Although the phantastic components are small and style structure might be challenging (second person singular, which I usually avoid reading), I am totally the target group of this (short, 160 pages) novel.
I read the review in the last Locus Magazine, so I was well-prepared for what I would read.
Surprisingly, the trans woman experiences so much transphobia, that was difficult for me to bear. I must have been extremely naive. I would have guessed that there still is something like "micro transphobia", like people that stare at you a bit too long. But not that open and very direct transphobia that the narrator experiences in some scenes.
It's difficult to find a premise in the book. What might it be about? To find a place in this world? To connect the past (where the narrator has purported to be a man) with the present (in which she is in her early forties and lives as a woman)? Which includes finding new ways to deal with her son. Thinking about the end of the text, this might be it.
But it might very well only be my own interpretation of the text.
However, there is much to admire in this book.
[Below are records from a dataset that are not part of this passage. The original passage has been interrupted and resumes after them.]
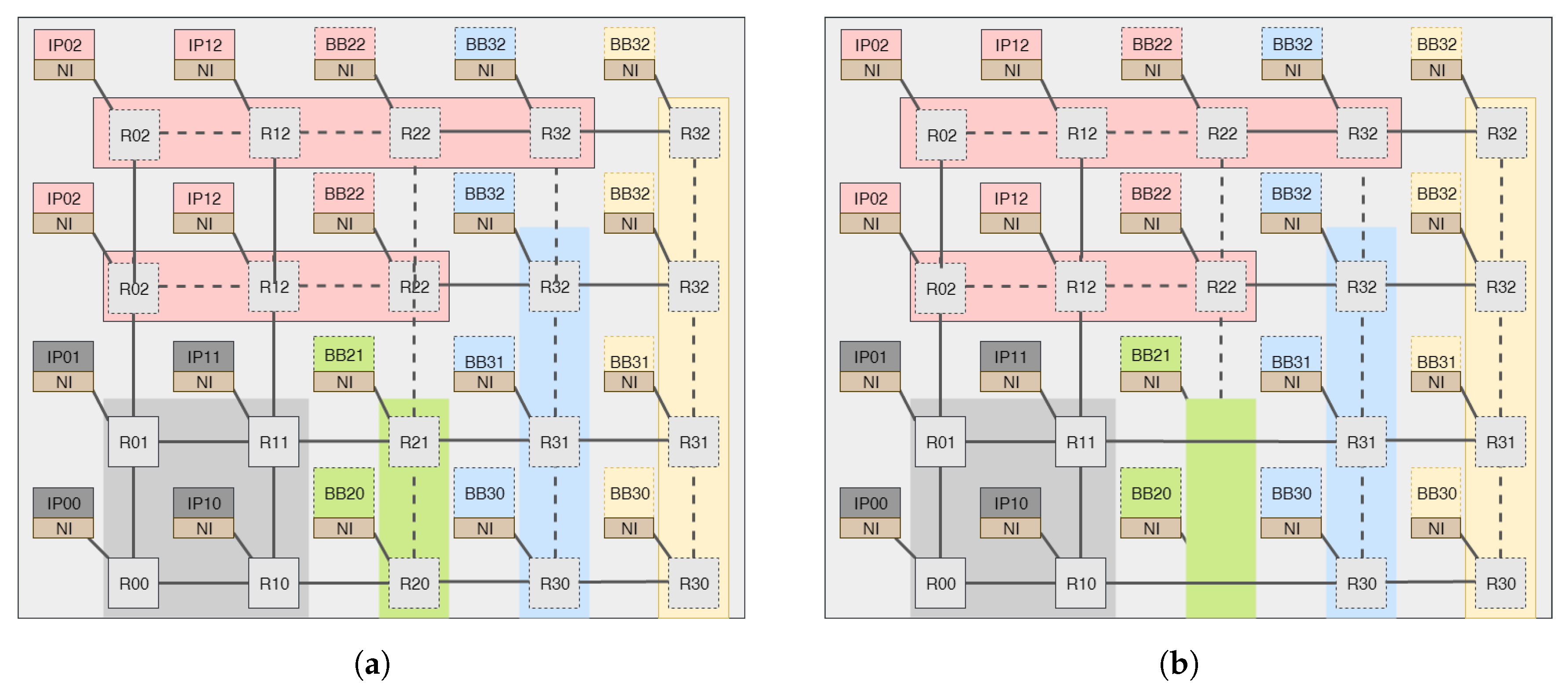 Micromachines 14 01913 g003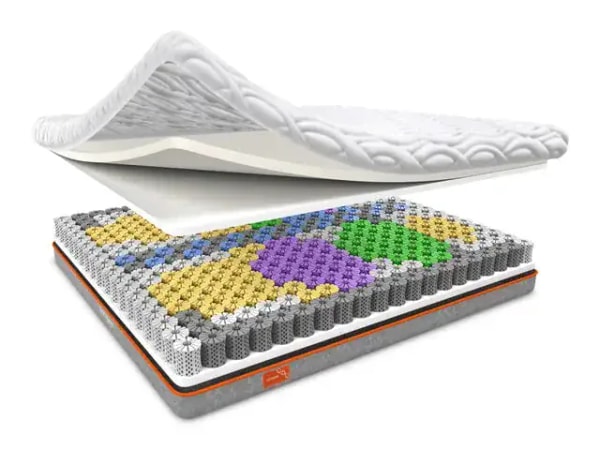 Dormeo DNA: Product review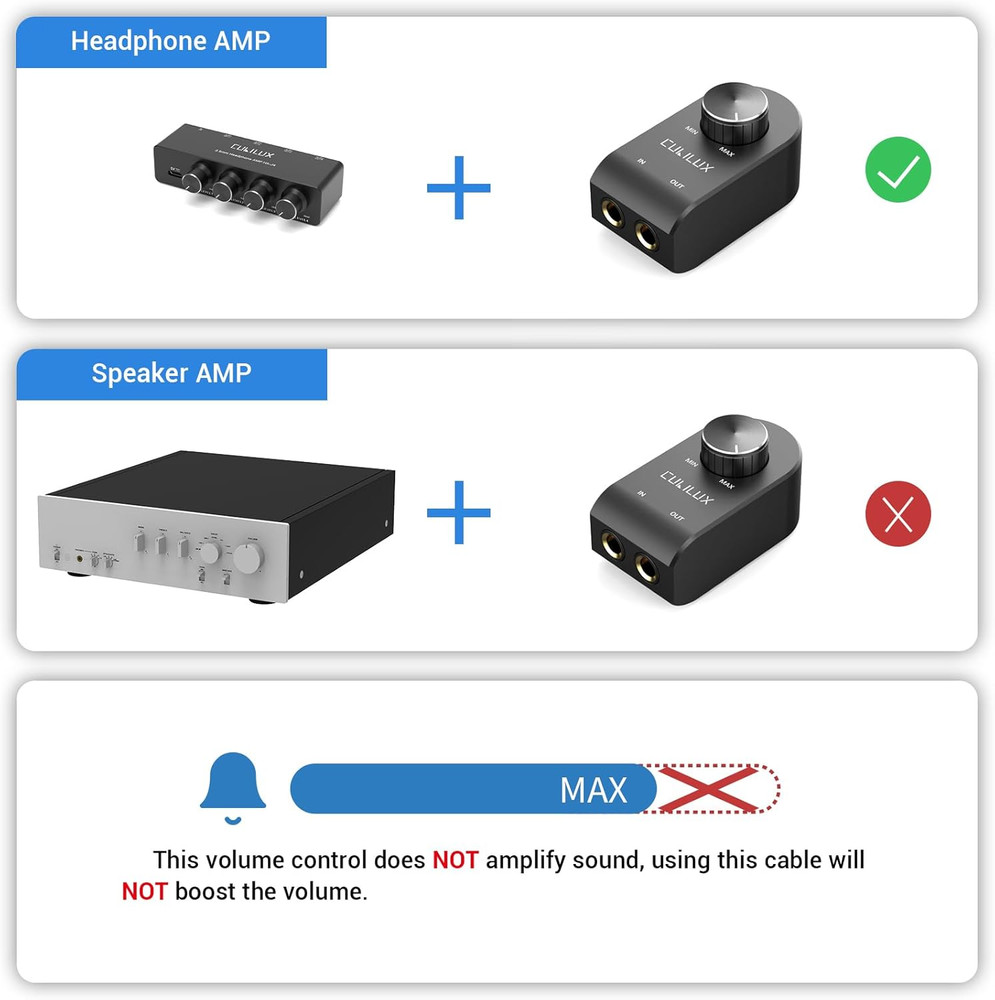 6.35Mm Volume Controller, 1/4" Inline Stereo Audio Volume Attenuator with Full A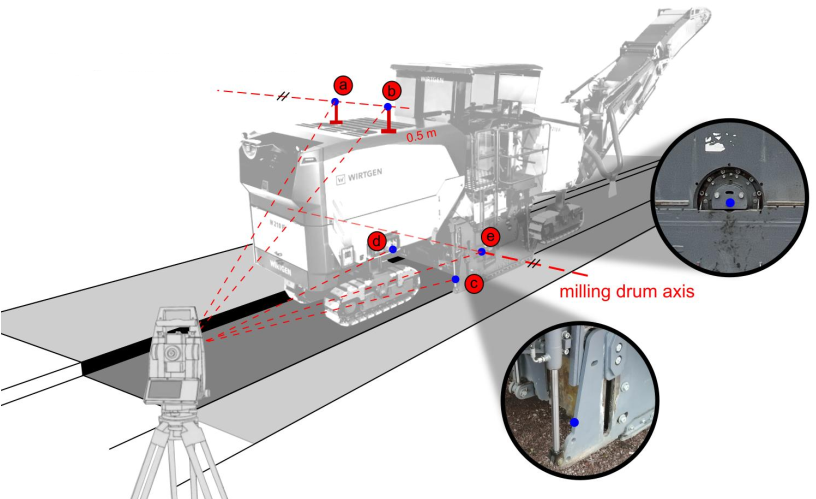 Calibration measuring 1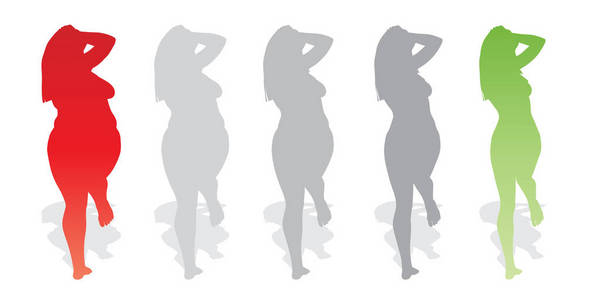 矢量概念脂肪超重肥胖女性与苗条适合健康身体后，减肥或饮食与肌肉瘦年轻妇女隔离。 健身营养或肥胖肥胖健康剪影形状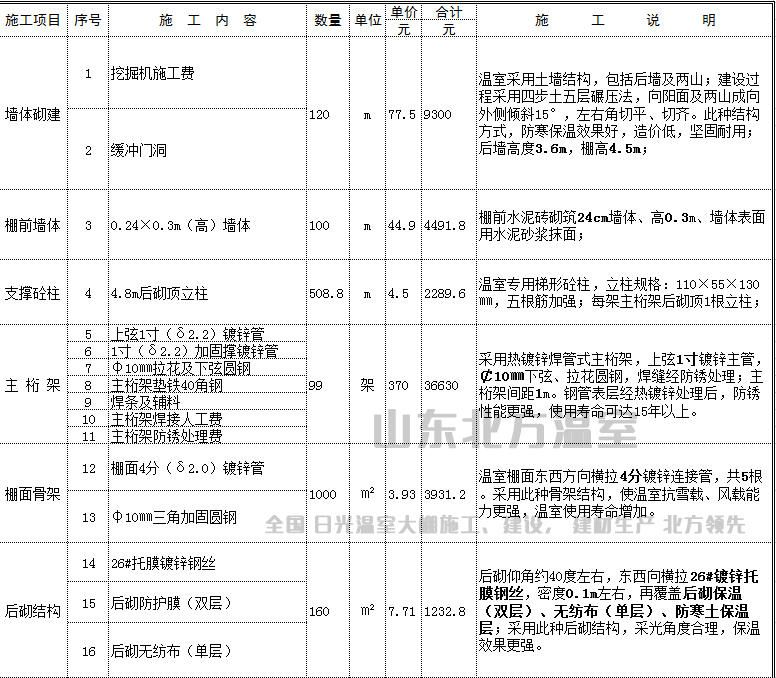 日光温室大棚建设造价单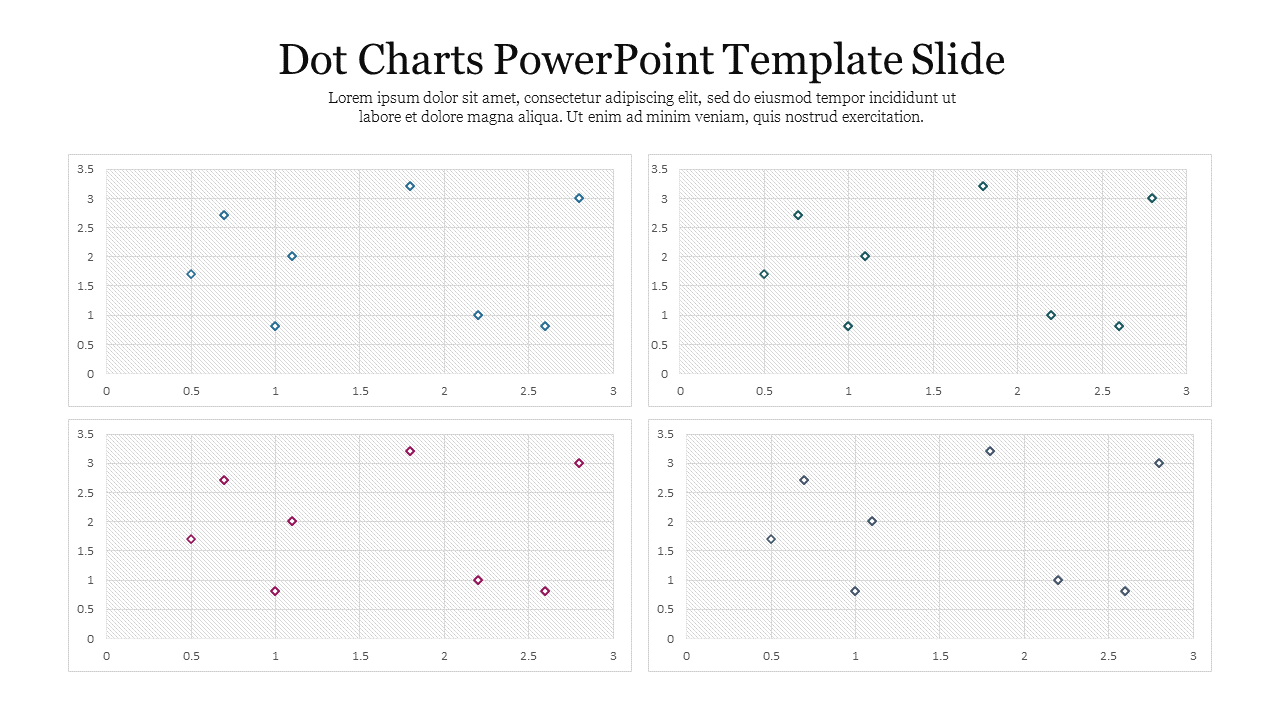 Creative Dot Charts PowerPoint Template Slide Presentation
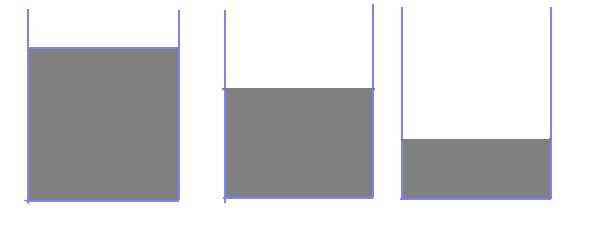 Find the corresponding solids put into the buckets 11) The figure below shows a rectangular box.
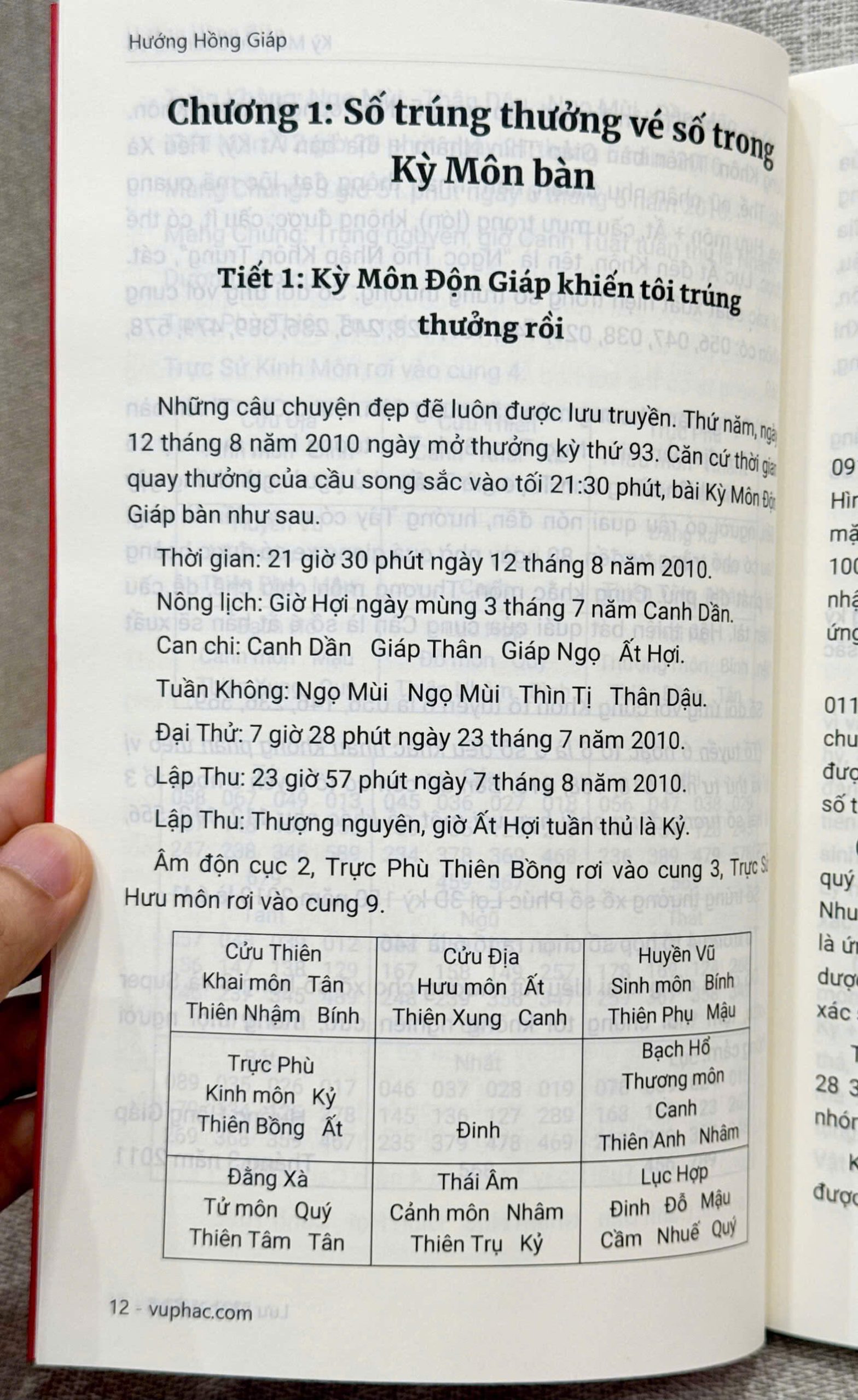 vuphac.com-ky-mon-du-doan-xo-so-huong-hong-giap-sach5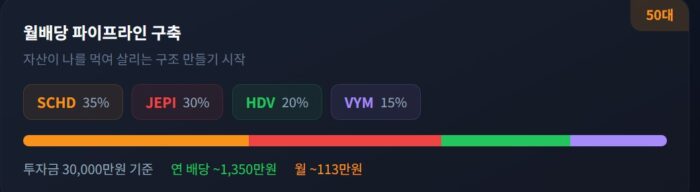 50대 월배당 포트폴리오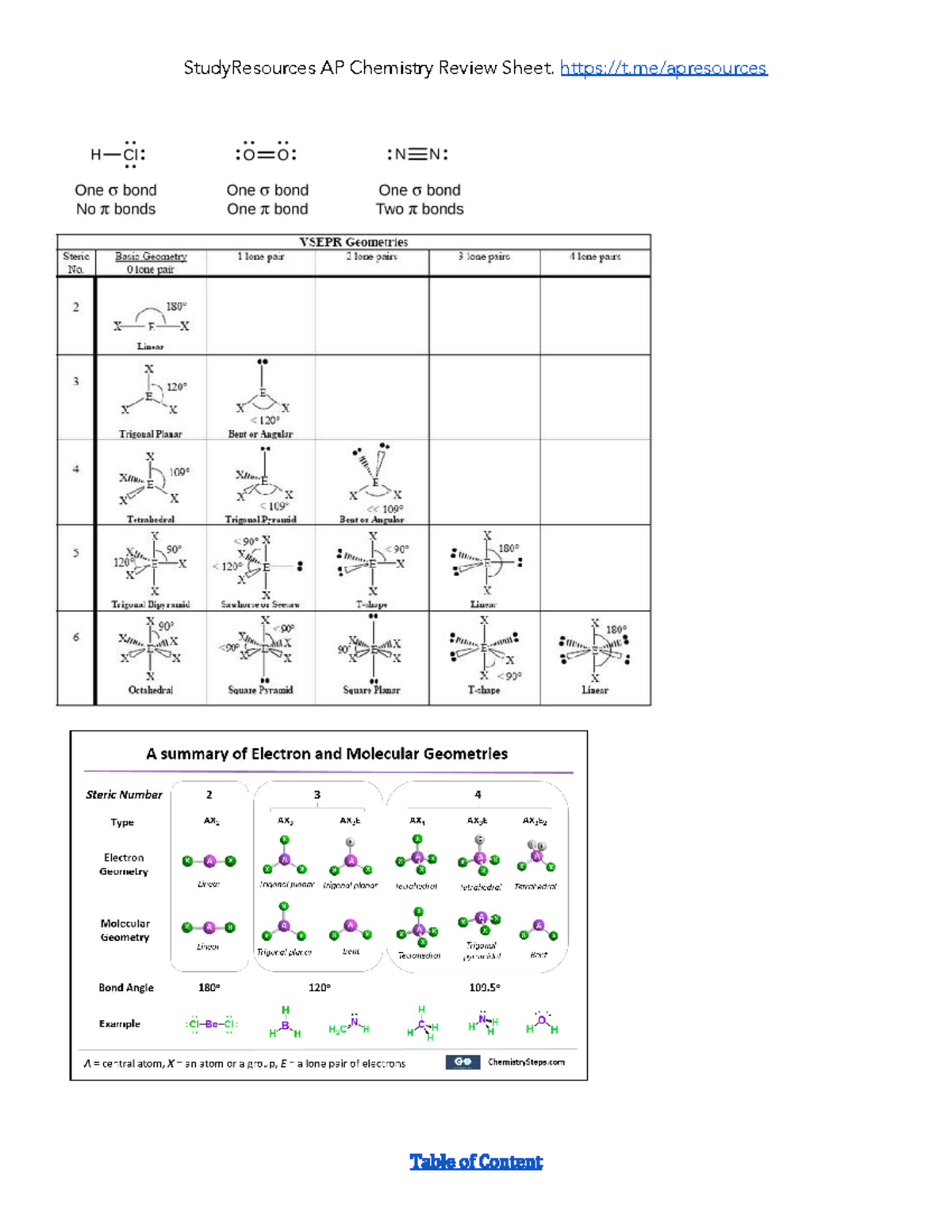 Fundamentals Chemistry Part 5 - StudyResources AP Chemistry Review ...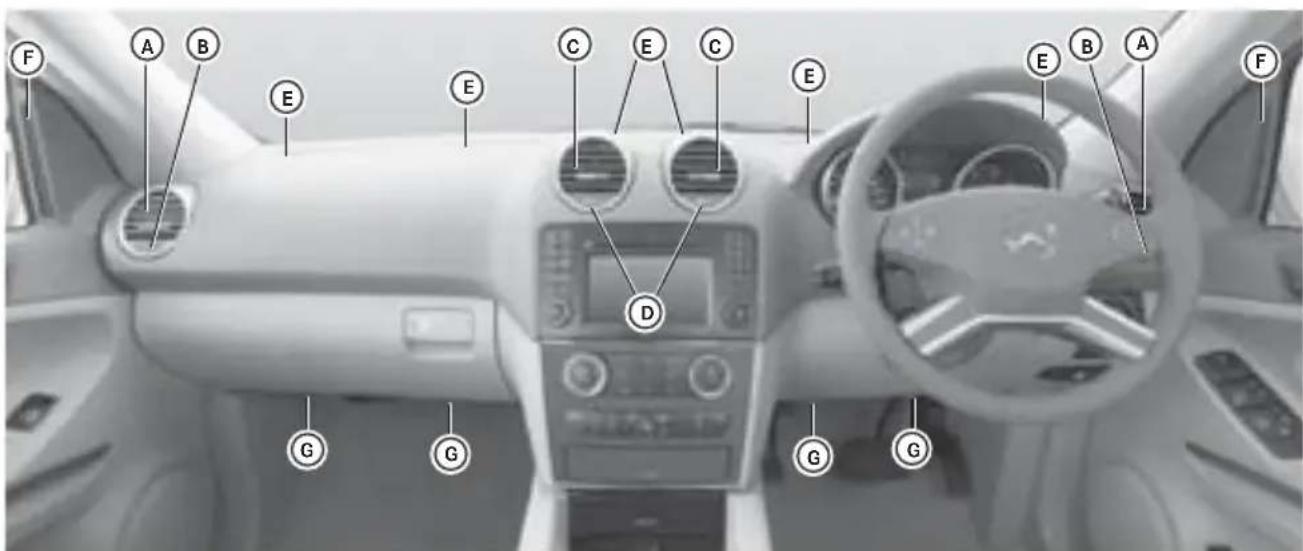Mercedes-Benz MClass (2009) - 送風口の選択を解除する - 1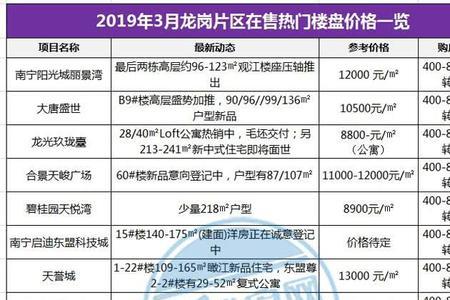 180万一亩地楼面价怎么算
First, style and use of words:
"Your human hair wig unfurls in the bathroom sink like a sea anemone"
"His apron's splattered with so much paint that it looks like a rainbow bled out in his arms from a gunshot wound."
"Fragments of IKEA furniture are in halb-formations all around you, like dinosaur skeletons in the middle of assemblage at the natural history museum."
The phantastical aspects are scarce, but very nice.
"Kierney hasn't got to the bathroom, because she doesn't exist"
It's nice how the narrator checks whether or not the people surrounding her do really exist and how she gathers hints for their existence. More difficult seems to be that she sometimes hears people saying something and if she reacts, it becomes clear that the words have been only in her head.
Loneliness is a big issue for her. The lack of love. That's very sad. Being a Mom myself, I was especially touched by the gap between her son and her. Not being able to spend time with your kid, to be estranged from your own kid, that must be so damn difficult.
What I appreciate most are those little details that make the narrator real for me. Like this:
"... a miniature bottle of vodka. The size of those bottles always fills you with glee, as if there are clandestine distilleries operated by mice."
Maybe I should mention that the title has something to do with greek mythology.